Les critiques sont bonnes et vu que je m’y connais autant en âme russe qu’en point de croix, ce livre est pour moi !

Et, Giuliano da Empoli, quel nom !!! Rien que de le prononcer à voix haute, je me mets à parler avec les mains et j’ai envie de manger des pâtes.

Tour à tour journaliste, conseiller politique pour l’Italie et la Suisse, il a écrit plusieurs essais. Ce livre est son premier roman. Bref, une tête bien pleine.

Le Mage du Kremlin ou la formidable ascension d’un petit-fils de paysan

Ce mage, c’est Vadim Baranov, un russe au parcours éclectique, qui a vécu l’effondrement de son pays et vu la corruption prospérer sur les cendres de l’ex-URSS. Désormais, elle était accessible à tous. Un monde sans lois où tout était possible pour qui avait un maximum d’ambition et un minimum de principes. De metteur en scène underground, il devient producteur de télé-réalité mainstream pour terminer comme éminence grise de Poutine. Mystérieux, invisible, il est nulle part et partout. Chaque décision de Poutine est susceptible d’être la sienne. Jusqu’au jour où il disparaît des écrans radar. Disgrâce ou choix ? Qu’importe ! La légende n’en devient que plus forte. Puis, une nuit, il va se confier au narrateur et tout lui raconter.

Analyse en trois points

Le thème : il est passionnant. Moi qui adore l’actualité et essaie (vainement, je vous rassure) de capter les enjeux géopolitiques du monde, ce sujet est parfait. On y croise des gens qui existent dans la vraie vie : Poutine, Gorbatchev, Clinton. Vous avez l’impression d’être en terrain connu, au coeur du pouvoir, et surtout de pénétrer dans ses coulisses, là où se forgent les décisions et les trahisons.
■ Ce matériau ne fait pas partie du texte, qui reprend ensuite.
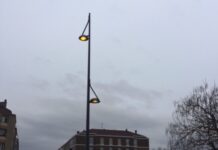«Overbooking» de luces encendidas de día hoy en Vitoria (FOTOS) luces encendidas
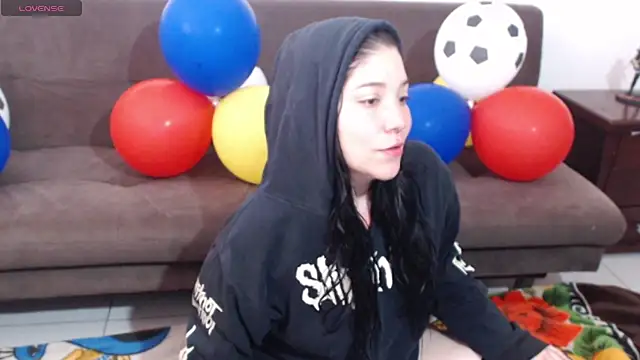 Snapshot of sharonnleon chatting on 10, 7, 2026 sharonnleon online show from 10, 7, 2026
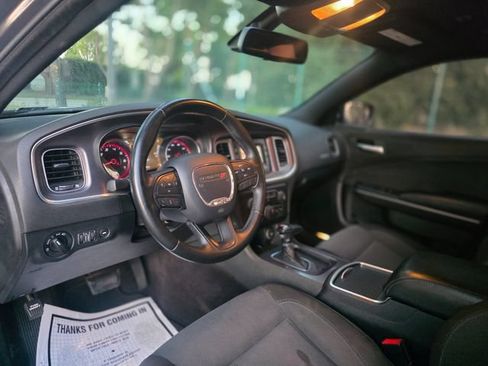 Used 2017 Dodge Charger SE RWD image 29
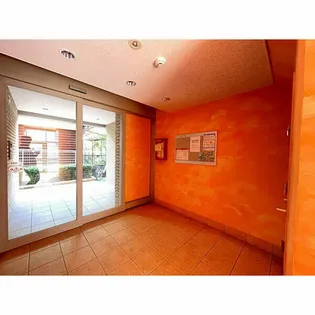 アンバーサルM【2階】の玄関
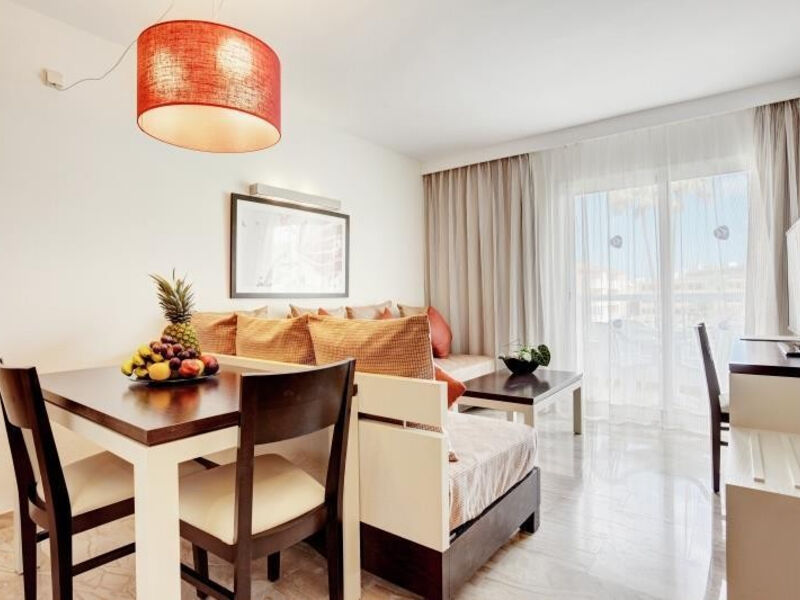Grupotel Alcudia Suite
La forme : ça se lit d’une traite. C’est fluide, accessible et la narration vous happe. Une sorte de thriller politique. En Russie, même la politique est romanesque. Pas besoin de beaucoup forcer, ce pays a toujours pondu des personnages à la fois dantesques et truculents.
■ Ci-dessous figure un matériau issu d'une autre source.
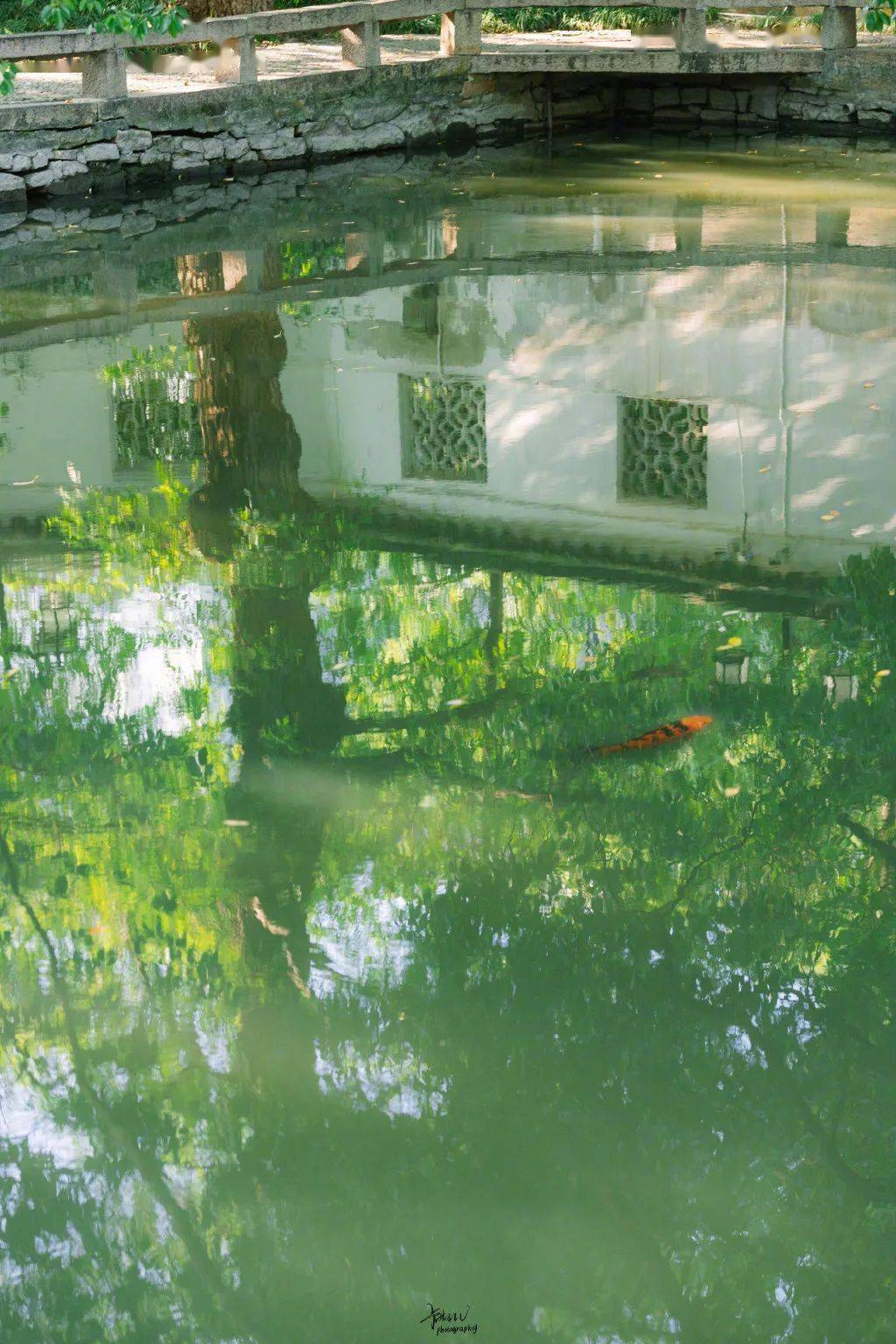 听琴山光悦鸟性潭影空人心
Le fond : eh bien je m’interroge encore, plus d’un mois après l’avoir lu. Est-ce un très bon roman doublé d’un cours magistral de géopolitique ou juste un très bon roman ? Je vais essayer de m’expliquer. Ce livre nous donne l’impression de comprendre la Russie, les russes et leur rapport au monde. Mais ce n’est peut-être qu’un leurre. Il nous dit ce qu’on veut entendre. Si je caricature :

  • les russes ne connaissent rien d’autre que la souffrance et les privations. C’est à la fois leur étendard et leur supériorité face à un occident imbu de lui-même et paralysé par le confort. Deux mondes qui ne jouent pas dans la même cour et n’ont pas les mêmes aspirations. Ça nous rassure, on a l’impression de mieux appréhender et maîtriser une situation incontrôlable. 
  • Et surtout, une question me taraude après la lecture de ce roman. L’auteur nous livre-t-il un enchaînement implacable qui ne peut qu’aboutir à la situation actuelle ? Ou est-il parti de la situation actuelle pour en déduire son raisonnement ? Comme si on avait déjà le résultat d’un problème de maths, voyez ? Ce qui n’est pas du tout pareil et peut remettre en cause la justesse de son analyse (oui, me prendre la tête, ma passion).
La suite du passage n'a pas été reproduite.